Man sues for $340M after Powerball site shows wrong winning numbers

John Cheeks of Washington, D.C., is suing the Powerball lottery after a website error led him to believe he had won a massive $340 million jackpot, according to NPR. The issue began in January 2023 when Cheeks observed that the winning numbers listed on the DC Lottery website matched those of his ticket, which were based on his family's birthdates and other personal numbers.

However, Cheeks' celebration was cut short as his attempts to claim the prize were repeatedly rejected. The D.C. Office of Lottery and Gaming informed him that the winning numbers had been incorrectly posted due to a mistake and were not the actual results from the televised draw.

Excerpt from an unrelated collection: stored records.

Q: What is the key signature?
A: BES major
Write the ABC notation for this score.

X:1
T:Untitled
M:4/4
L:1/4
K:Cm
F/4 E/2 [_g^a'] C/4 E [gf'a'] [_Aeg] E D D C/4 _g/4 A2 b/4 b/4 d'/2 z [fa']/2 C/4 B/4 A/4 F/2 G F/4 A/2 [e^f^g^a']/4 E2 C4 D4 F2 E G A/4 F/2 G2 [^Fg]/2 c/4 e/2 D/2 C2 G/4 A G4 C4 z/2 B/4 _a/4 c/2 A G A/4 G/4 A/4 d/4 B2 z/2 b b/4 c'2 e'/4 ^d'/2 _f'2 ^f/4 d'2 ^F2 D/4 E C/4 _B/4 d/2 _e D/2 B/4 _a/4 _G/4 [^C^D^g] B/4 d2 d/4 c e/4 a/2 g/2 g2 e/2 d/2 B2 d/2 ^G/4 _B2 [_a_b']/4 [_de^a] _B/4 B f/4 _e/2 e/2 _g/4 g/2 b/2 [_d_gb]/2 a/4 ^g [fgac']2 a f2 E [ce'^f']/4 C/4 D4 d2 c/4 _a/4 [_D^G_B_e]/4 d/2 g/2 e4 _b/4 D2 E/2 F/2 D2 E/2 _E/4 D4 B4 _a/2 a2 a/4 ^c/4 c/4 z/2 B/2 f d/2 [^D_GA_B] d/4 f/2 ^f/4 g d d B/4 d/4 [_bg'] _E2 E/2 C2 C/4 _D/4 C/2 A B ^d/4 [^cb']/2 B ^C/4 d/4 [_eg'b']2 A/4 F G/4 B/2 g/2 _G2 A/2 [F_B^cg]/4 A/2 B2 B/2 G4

The erroneous numbers, it turned out, were part of a quality assurance test conducted by Taoti Enterprises, a contractor involved with the lottery, and were mistakenly not removed for three days. Despite the lottery website's disclaimer stating it should not be considered the final authority on winning numbers, Cheeks is seeking $340 million in compensation, along with additional damages and interest, for the distress and confusion caused.

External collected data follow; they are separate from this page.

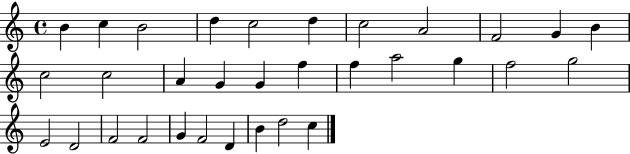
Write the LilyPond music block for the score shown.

{
  \clef treble
  \time 4/4
  \defaultTimeSignature
  \key c \major
  b'4 c''4 b'2 | d''4 c''2 d''4 | c''2 a'2 | f'2 g'4 b'4 | \break c''2 c''2 | a'4 g'4 g'4 f''4 | f''4 a''2 g''4 | f''2 g''2 | \break e'2 d'2 | f'2 f'2 | g'4 f'2 d'4 | b'4 d''2 c''4 | \break \bar "|."
} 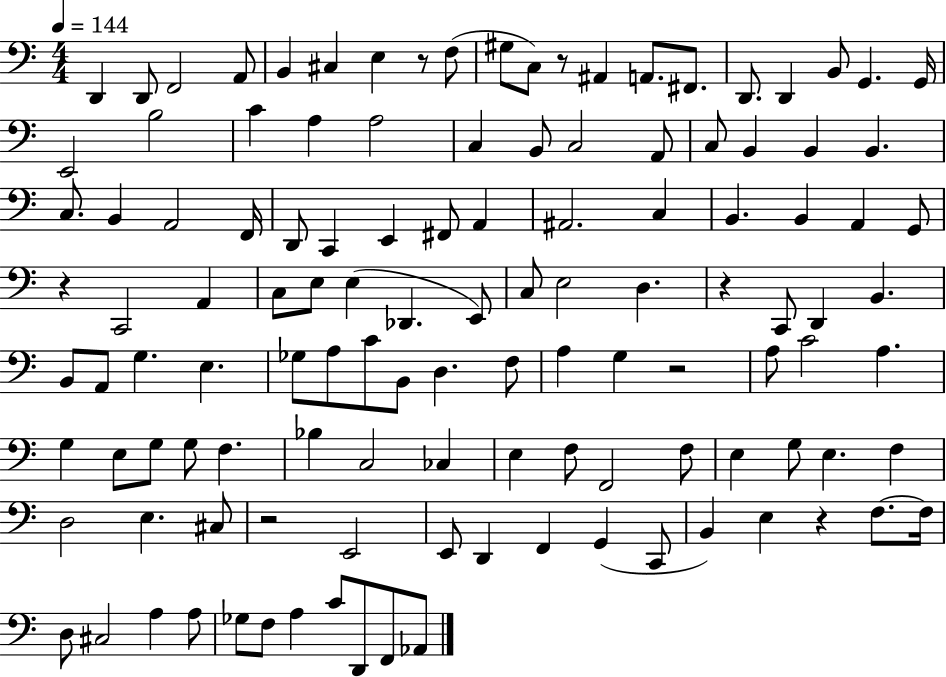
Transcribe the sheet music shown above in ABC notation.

X:1
T:Untitled
M:4/4
L:1/4
K:C
D,, D,,/2 F,,2 A,,/2 B,, ^C, E, z/2 F,/2 ^G,/2 C,/2 z/2 ^A,, A,,/2 ^F,,/2 D,,/2 D,, B,,/2 G,, G,,/4 E,,2 B,2 C A, A,2 C, B,,/2 C,2 A,,/2 C,/2 B,, B,, B,, C,/2 B,, A,,2 F,,/4 D,,/2 C,, E,, ^F,,/2 A,, ^A,,2 C, B,, B,, A,, G,,/2 z C,,2 A,, C,/2 E,/2 E, _D,, E,,/2 C,/2 E,2 D, z C,,/2 D,, B,, B,,/2 A,,/2 G, E, _G,/2 A,/2 C/2 B,,/2 D, F,/2 A, G, z2 A,/2 C2 A, G, E,/2 G,/2 G,/2 F, _B, C,2 _C, E, F,/2 F,,2 F,/2 E, G,/2 E, F, D,2 E, ^C,/2 z2 E,,2 E,,/2 D,, F,, G,, C,,/2 B,, E, z F,/2 F,/4 D,/2 ^C,2 A, A,/2 _G,/2 F,/2 A, C/2 D,,/2 F,,/2 _A,,/2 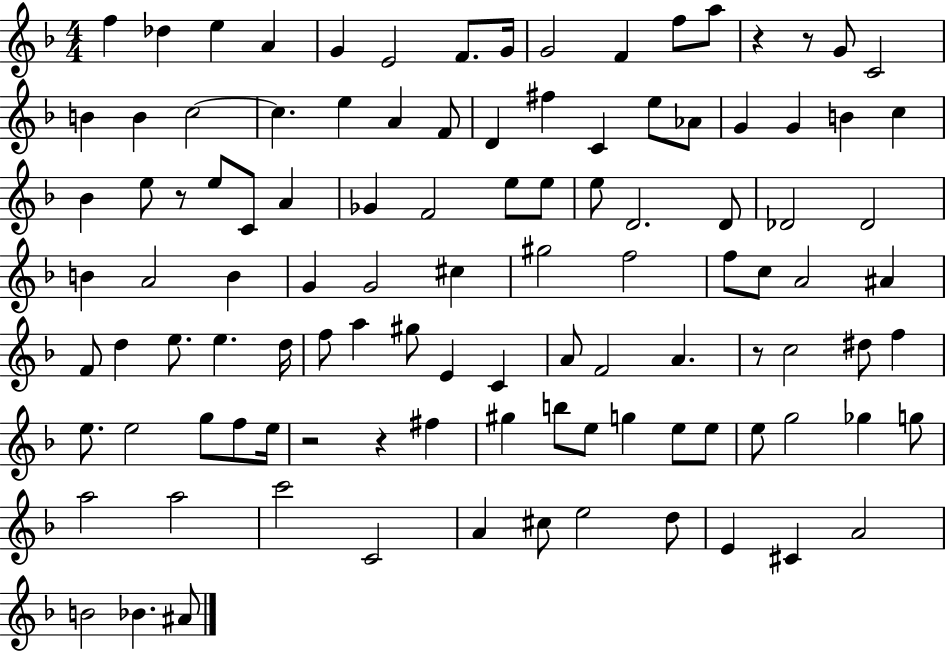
F5/q Db5/q E5/q A4/q G4/q E4/h F4/e. G4/s G4/h F4/q F5/e A5/e R/q R/e G4/e C4/h B4/q B4/q C5/h C5/q. E5/q A4/q F4/e D4/q F#5/q C4/q E5/e Ab4/e G4/q G4/q B4/q C5/q Bb4/q E5/e R/e E5/e C4/e A4/q Gb4/q F4/h E5/e E5/e E5/e D4/h. D4/e Db4/h Db4/h B4/q A4/h B4/q G4/q G4/h C#5/q G#5/h F5/h F5/e C5/e A4/h A#4/q F4/e D5/q E5/e. E5/q. D5/s F5/e A5/q G#5/e E4/q C4/q A4/e F4/h A4/q. R/e C5/h D#5/e F5/q E5/e. E5/h G5/e F5/e E5/s R/h R/q F#5/q G#5/q B5/e E5/e G5/q E5/e E5/e E5/e G5/h Gb5/q G5/e A5/h A5/h C6/h C4/h A4/q C#5/e E5/h D5/e E4/q C#4/q A4/h B4/h Bb4/q. A#4/e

Richard W. Evans, Cheeks' attorney, told NPR that the lawsuit is an examination of "the integrity and accountability of lottery operations and the safeguards — or lack thereof — against the type of errors that Powerball and the DC Lottery admit occurred in this case." He said the lawsuit is not just about numbers on a website but also about "the reliability of institutions that promise life-changing opportunities while heavily profiting in the process."

"You know, we have to create fairness in the game. A win is a win," Cheeks told NPR. "I'm just a customer who bought those tickets. That's all."

A preliminary hearing is set for Friday.